Не думаем, что России выгодна данная ситуация в нашей республике. По нашему мнению, российским властям, серьёзному бизнесу и неправительственным организациям, стоящим на позициях защиты российских национально-государственных интересов, следует проявлять несравненно большую активность в гуманитарной сфере в Молдавии. Уже в ближайшее время следует резко усилить издание соответствующей научной и образовательной литературы, помочь финансово молдоязычной пророссийской прессе, открыть различные «независимые» центры по формированию общественного мнения, интенсифицировать проведение ряда совместных научных конференций, студенческих школ, «круглых столов», культурных мероприятий и т.д. А в среднесрочной перспективе – 1-2 года – необходимо открыть молдо-российский двуязычный университет (в котором будут получать образование молодые люди, которые через определённое время станут у государственного управления) и совместный двуязычный молдо-российский телеканал.
Это есть та «программа-минимум», которая способна приостановить с помощью России ликвидацию в среднесрочной перспективе независимого молдавского государства. Открыто или молчаливо де-факто, но данную программу поддержат многие европейские страны: Украина, Венгрия, Болгария, Голландия, Германия, Турция, Сербия, Белоруссия. Те же США никогда не признавали аннексию Бессарабии Румынией, и даже не признавая де-юре Советское правительство в 1917-1933 гг., считали Пруто-Днестровское междуречье российской/советской территорией.
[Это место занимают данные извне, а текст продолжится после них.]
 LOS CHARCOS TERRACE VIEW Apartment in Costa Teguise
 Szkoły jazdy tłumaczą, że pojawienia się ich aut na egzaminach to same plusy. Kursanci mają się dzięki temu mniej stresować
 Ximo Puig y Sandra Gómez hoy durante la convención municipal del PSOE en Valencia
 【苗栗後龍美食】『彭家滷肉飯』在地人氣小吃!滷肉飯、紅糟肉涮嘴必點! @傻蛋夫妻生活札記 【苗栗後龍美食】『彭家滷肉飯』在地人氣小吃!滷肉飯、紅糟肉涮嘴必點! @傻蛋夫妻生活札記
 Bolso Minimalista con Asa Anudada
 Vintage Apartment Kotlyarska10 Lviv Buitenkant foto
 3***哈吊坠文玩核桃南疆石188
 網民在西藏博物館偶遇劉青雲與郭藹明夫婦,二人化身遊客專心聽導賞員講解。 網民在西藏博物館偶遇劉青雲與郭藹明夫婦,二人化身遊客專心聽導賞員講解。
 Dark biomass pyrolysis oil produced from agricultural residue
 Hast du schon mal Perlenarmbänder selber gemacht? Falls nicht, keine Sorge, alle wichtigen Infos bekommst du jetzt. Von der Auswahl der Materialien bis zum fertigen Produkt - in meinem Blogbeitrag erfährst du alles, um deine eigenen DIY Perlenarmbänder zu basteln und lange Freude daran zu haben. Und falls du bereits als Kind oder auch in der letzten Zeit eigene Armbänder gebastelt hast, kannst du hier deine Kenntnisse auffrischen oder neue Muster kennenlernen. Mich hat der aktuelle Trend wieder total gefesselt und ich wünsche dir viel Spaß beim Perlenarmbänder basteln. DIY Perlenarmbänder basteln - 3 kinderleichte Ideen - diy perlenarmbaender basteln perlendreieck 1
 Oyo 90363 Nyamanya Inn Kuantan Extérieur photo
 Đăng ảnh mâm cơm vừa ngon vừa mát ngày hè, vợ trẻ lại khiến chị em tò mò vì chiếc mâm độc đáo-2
Будем надеяться, что современное российское руководство, твёрдо отстаивающее на международной арене российские национально-государственные интересы, а также общественность Российской Федерации осознают необходимость «возврата России лицом к Молдове». Это может дать положительный эффект для двух наших народов, но и для большинства других стран нашего региона лишь в том случае, если произойдёт «всерьёз и надолго».